BEGIN Supplied data

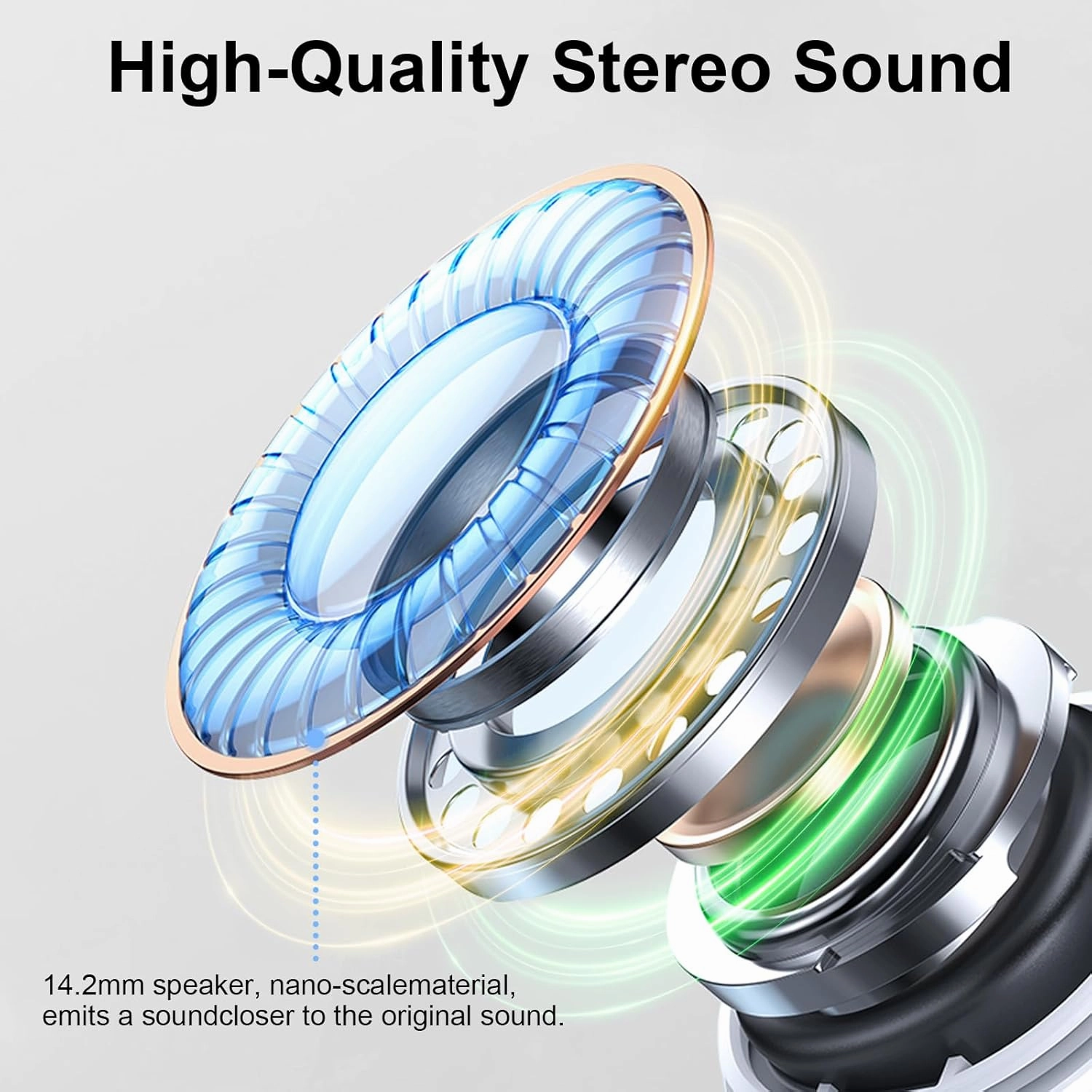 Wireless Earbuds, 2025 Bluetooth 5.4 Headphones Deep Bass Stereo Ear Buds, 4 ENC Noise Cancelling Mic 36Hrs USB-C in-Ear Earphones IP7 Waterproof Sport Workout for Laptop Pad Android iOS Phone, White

END Supplied data
BEGIN Supplied data

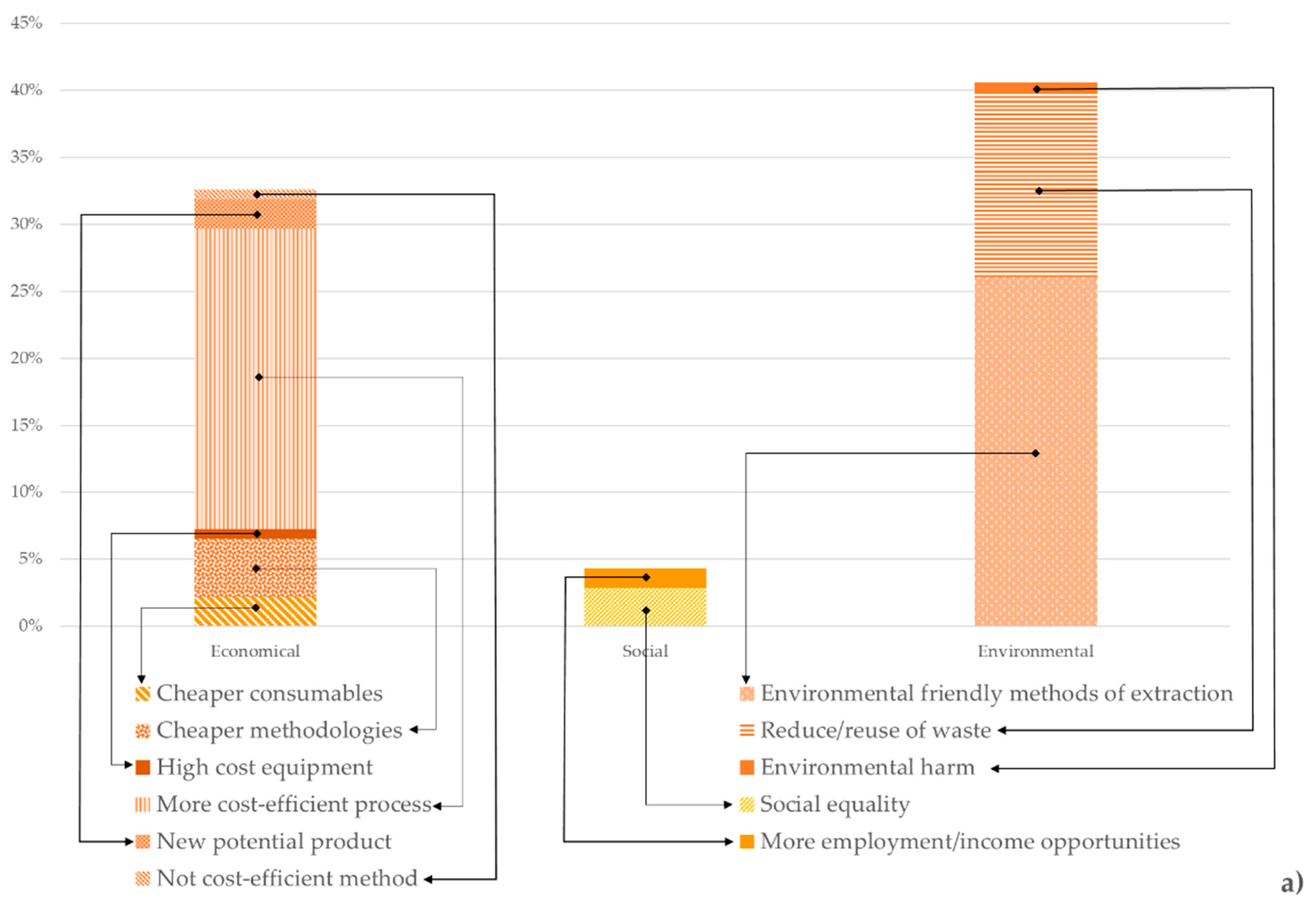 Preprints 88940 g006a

END Supplied data
BEGIN Supplied data

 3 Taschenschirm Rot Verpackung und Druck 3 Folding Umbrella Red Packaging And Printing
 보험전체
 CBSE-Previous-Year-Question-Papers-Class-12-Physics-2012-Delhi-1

END Supplied data

- **What to work on**: Return, word for word, the lines of the data above from the line with "3 Taschenschirm Rot" through the line with "CBSE-Previous-Year-Question-Papers-Class-12-Physics-2012-Delhi-1", inclusive.

- **Your solution**:
 3 Taschenschirm Rot Verpackung und Druck 3 Folding Umbrella Red Packaging And Printing
 보험전체
 CBSE-Previous-Year-Question-Papers-Class-12-Physics-2012-Delhi-1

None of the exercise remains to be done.